In den neuen Bundesländern liegt die Wohneigentumsquote seit jeher noch deutlich unter dem westdeutschen Niveau. Allerdings ist ein klarer Trend zu einer höheren Wohneigentumsquote erkennbar. Nach Daten des Statistischen Bundesamtes ist diese Quote in Ostdeutschland zwischen 1993 und 2010 von 24,3 Prozent auf 34,7 Prozent gestiegen. In ähnlicher Weise hat sie sich auch in Westdeutschland gesteigert, nämlich von 43,0 auf 48,8 Prozent.

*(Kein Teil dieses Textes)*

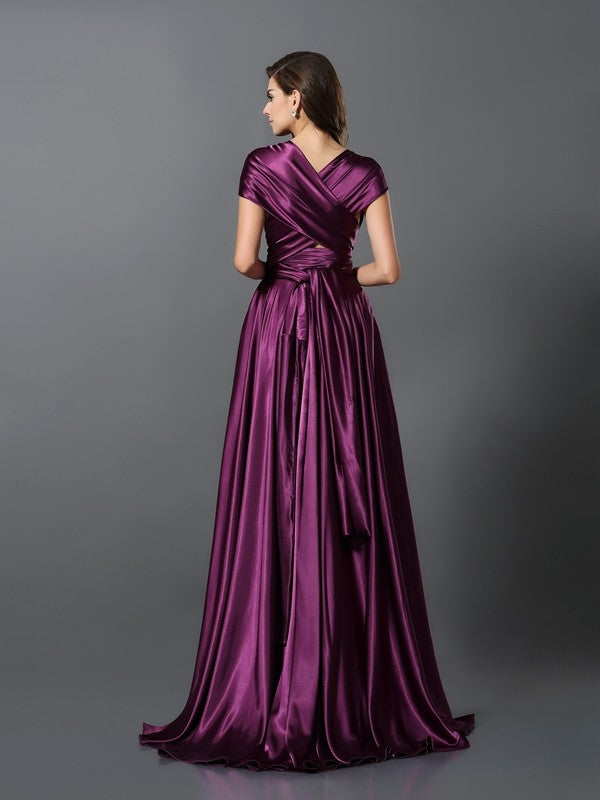 A-Line/Princess Pleats Sleeveless Long Silk like Satin Bridesmaid Dresses TPP0004905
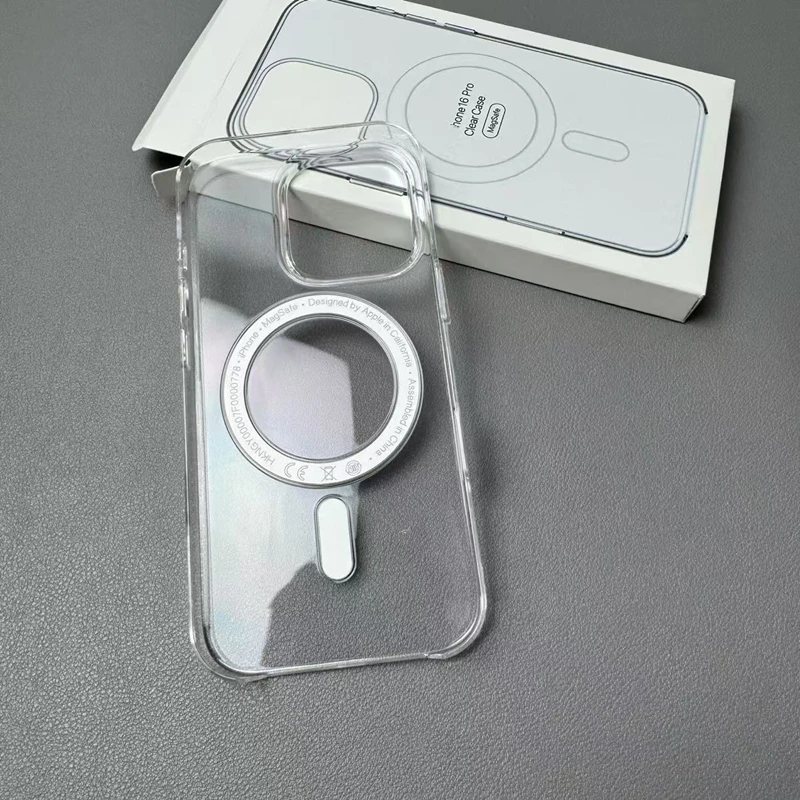 Original Touch Camera Button MagSafe Phone Case for iPhone 16 17 Pro max 16pro Wireless Charging Clear Crystal Hard PC Cover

Gemeinsamkeiten in West und Ost

Grundsätzlich ähneln sich die Wohnungsmärkte in den neuen und den alten Bundesländern, sagt IW-Immobilienökonom Michael Voigtländer. Sowohl in den neuen als auch in den alten Bundesländern gibt es neben Wachstumszentren schrumpfende Regionen, denn immer mehr Menschen zieht es in die Großstädte. Zugleich steigen nicht nur in den westdeutschen, sondern auch in vielen ostdeutschen Metropolen die Preise aufgrund von Wohnungsmangel, etwa in Dresden, Potsdam und Berlin. Der demografische Wandel verstärkt diesen Trend. Sein Fazit: „Investoren, Wohnungspolitiker und Öffentlichkeit sollten weniger zwischen Ost und West differenzieren, sondern vielmehr zwischen wachsenden und schrumpfenden Regionen“, so Voigtländer.